- **Directions**
Pictures excluded, retype the lines from the one containing "Baseus Smart LED" through the last line of the data below, both included.

- **Data to process**

Content starts

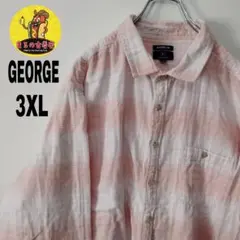 usa古着 GEORGE ネルシャツ　3XL ピンク　ホワイト　オンブレチェック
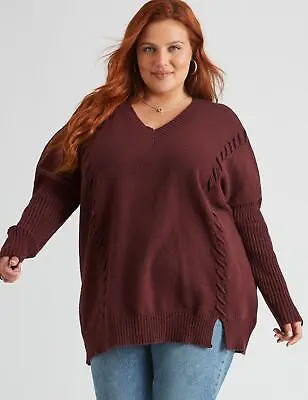 AU XS BeMe - Plus Size - Womens Jumper - Long Winter Sweater - Purple Pullover • £13.72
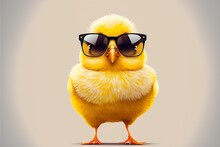 Yellow Cool Chick With Sunglasses. Cute Baby Chicken Illustration On White Background. Generative AI.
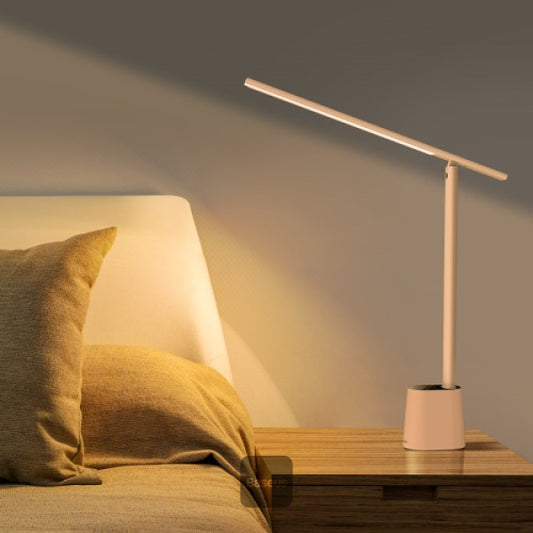 Baseus Smart LED Desk Lamp 5W 250 Lumens Eye-Caring Auto-Dimming Touch Control 3 Color Modes 47 Wide Light for Home Office Bedroom Painting – White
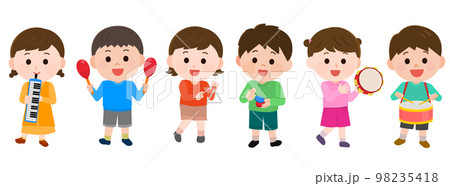色々な楽器を演奏する子どもたち　演奏会　イラスト 98235418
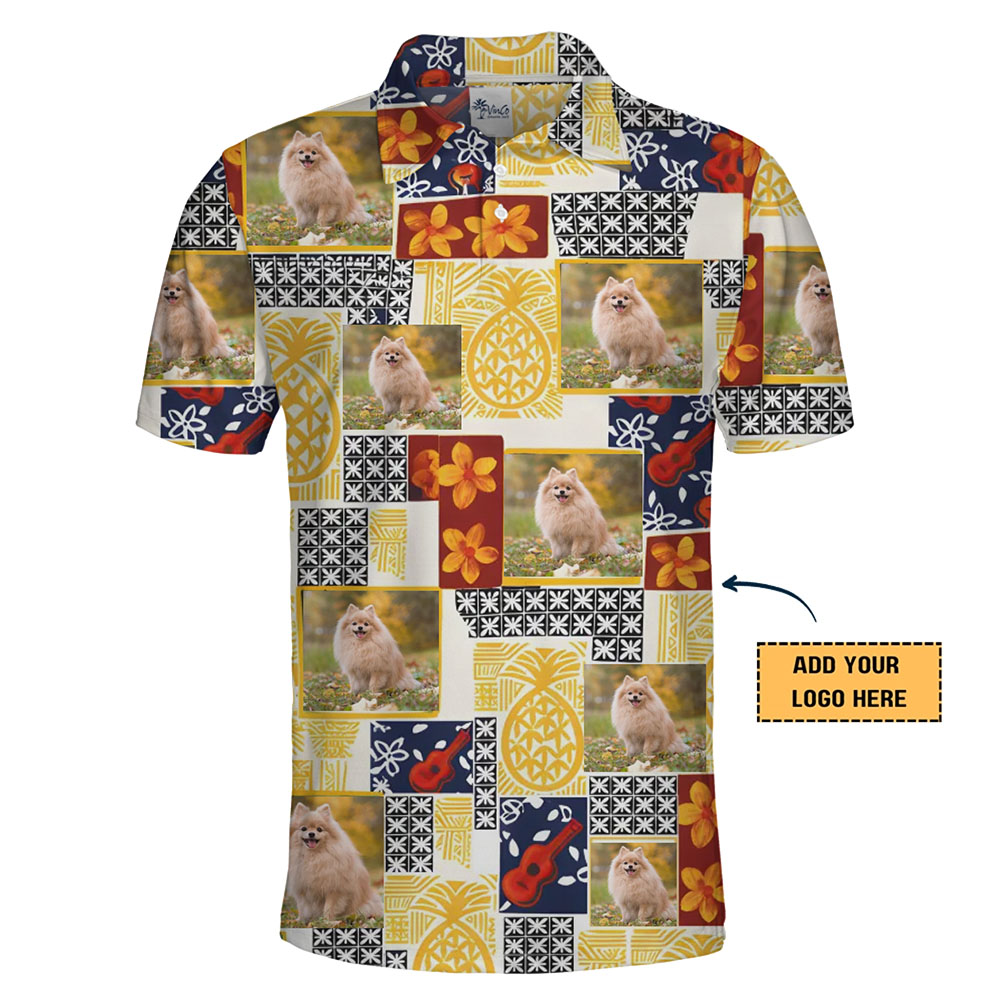 Custom Tropical Pattern Polo Shirt with Photo Collages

Content ends

- **Expected answer**
 Baseus Smart LED Desk Lamp 5W 250 Lumens Eye-Caring Auto-Dimming Touch Control 3 Color Modes 47 Wide Light for Home Office Bedroom Painting – White
色々な楽器を演奏する子どもたち　演奏会　イラスト 98235418
 Custom Tropical Pattern Polo Shirt with Photo Collages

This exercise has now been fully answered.